## TASK GOAL
Look for the line containing "Платье Vi Oro 1216-3 молочный" and the line containing "predám nintendo switch hry 1&2 - 2" in the entries below. Copy those two and all lines between them exactly, leaving out pictures.

## AVAILABLE DATA
::::::::

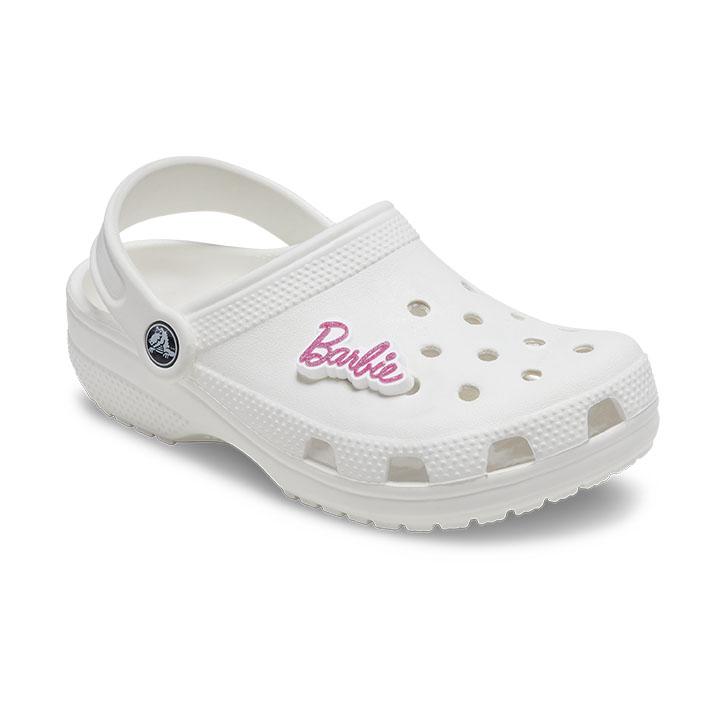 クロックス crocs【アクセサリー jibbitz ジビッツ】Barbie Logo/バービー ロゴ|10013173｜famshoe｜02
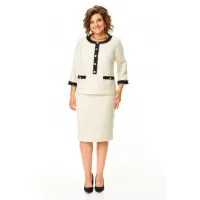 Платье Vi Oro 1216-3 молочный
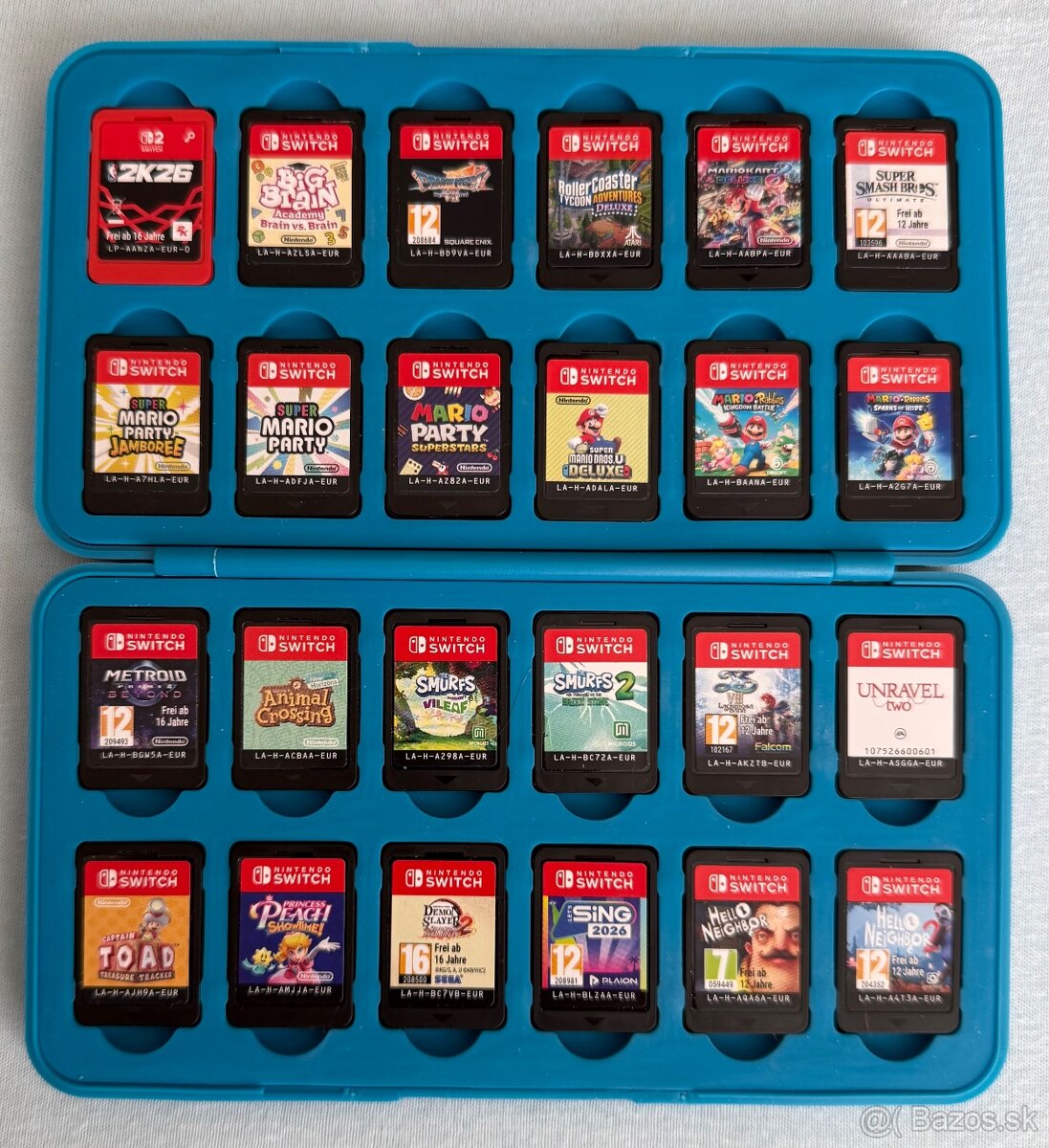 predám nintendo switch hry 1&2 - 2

::::::::

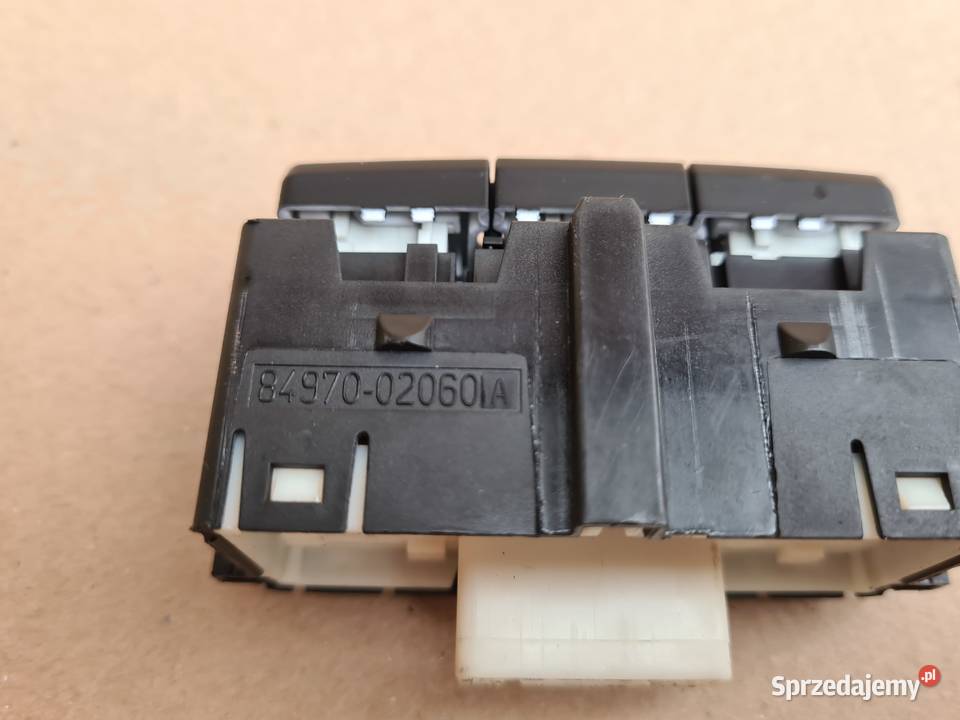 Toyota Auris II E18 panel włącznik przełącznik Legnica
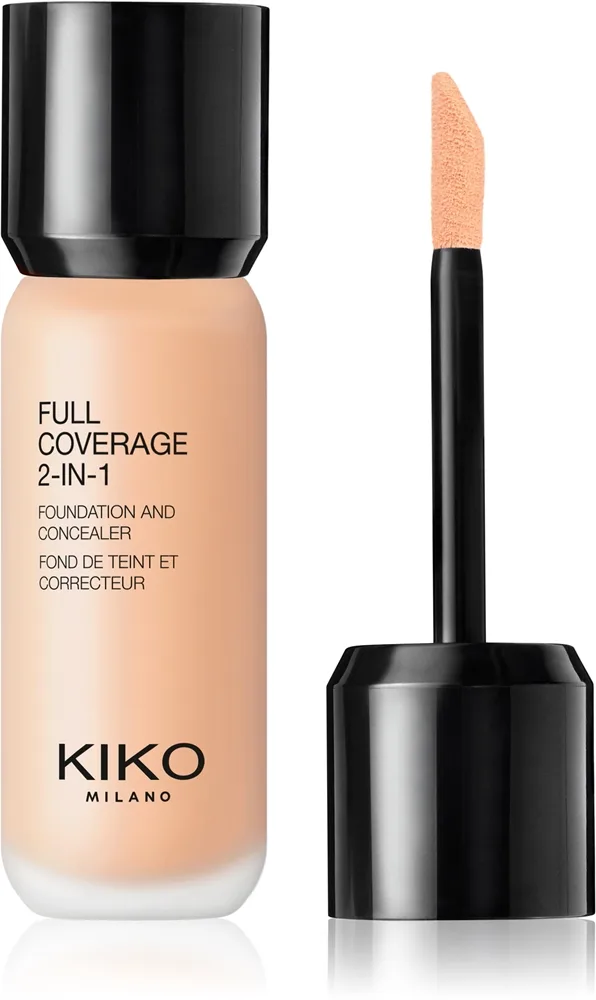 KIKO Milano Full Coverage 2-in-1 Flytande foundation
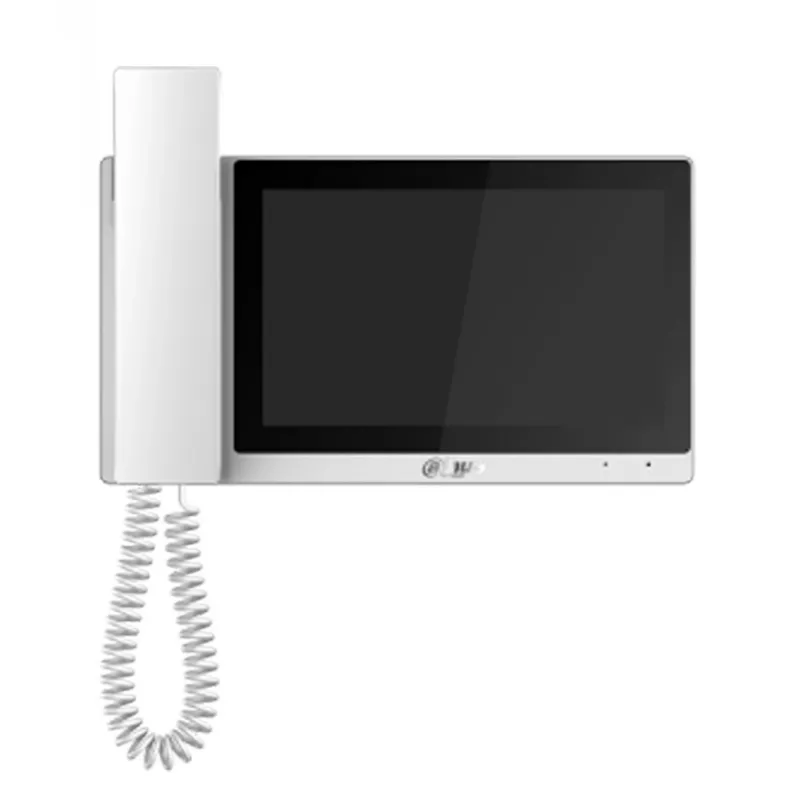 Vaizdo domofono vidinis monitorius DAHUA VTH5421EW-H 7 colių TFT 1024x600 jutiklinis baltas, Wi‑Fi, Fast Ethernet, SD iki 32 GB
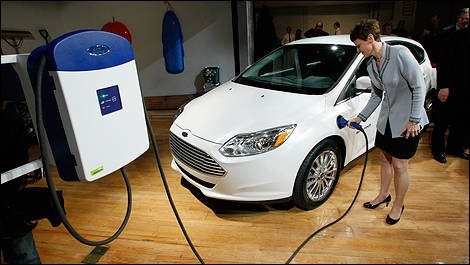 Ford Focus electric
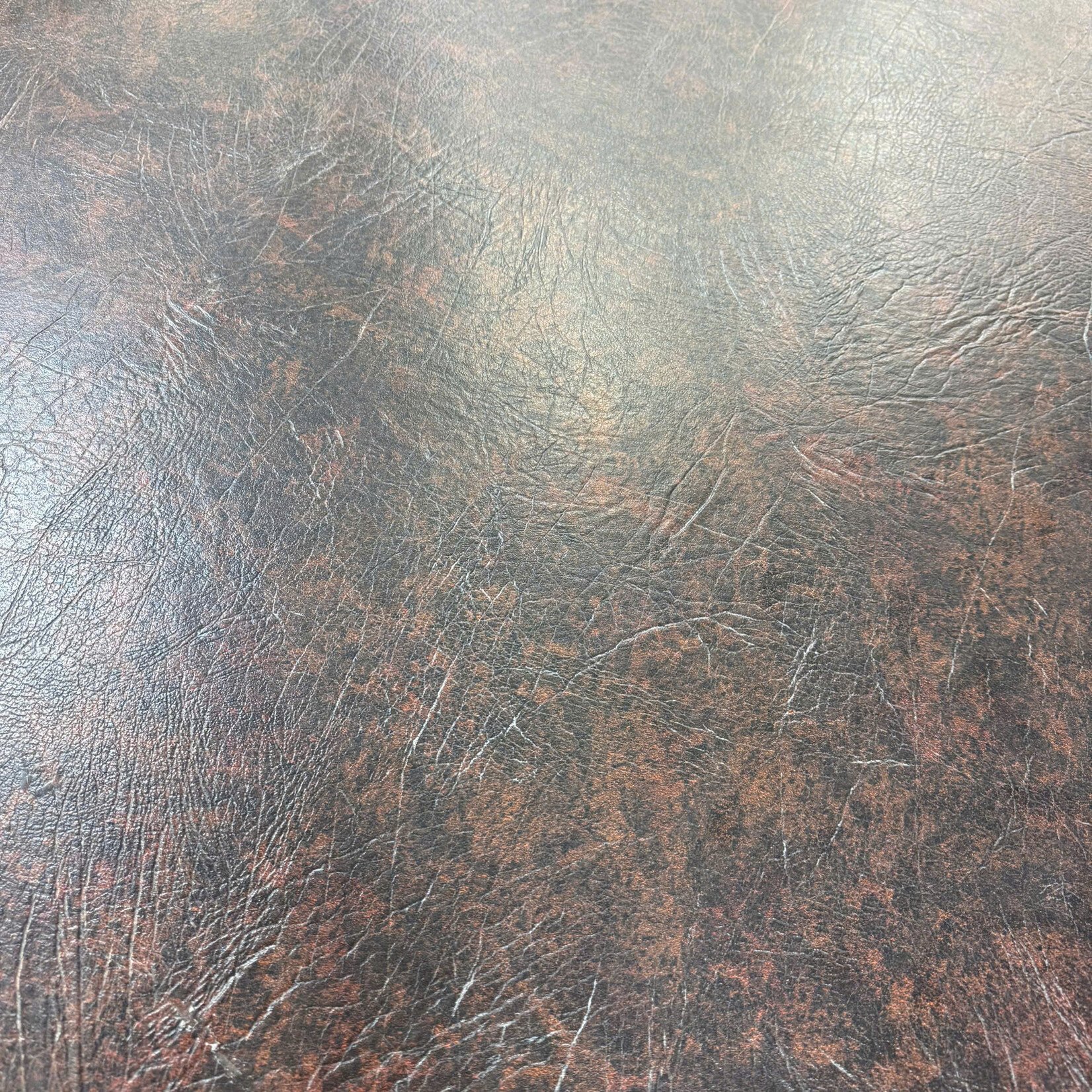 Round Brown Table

::::::::

## EXERCISE ANSWER
 Платье Vi Oro 1216-3 молочный
 predám nintendo switch hry 1&2 - 2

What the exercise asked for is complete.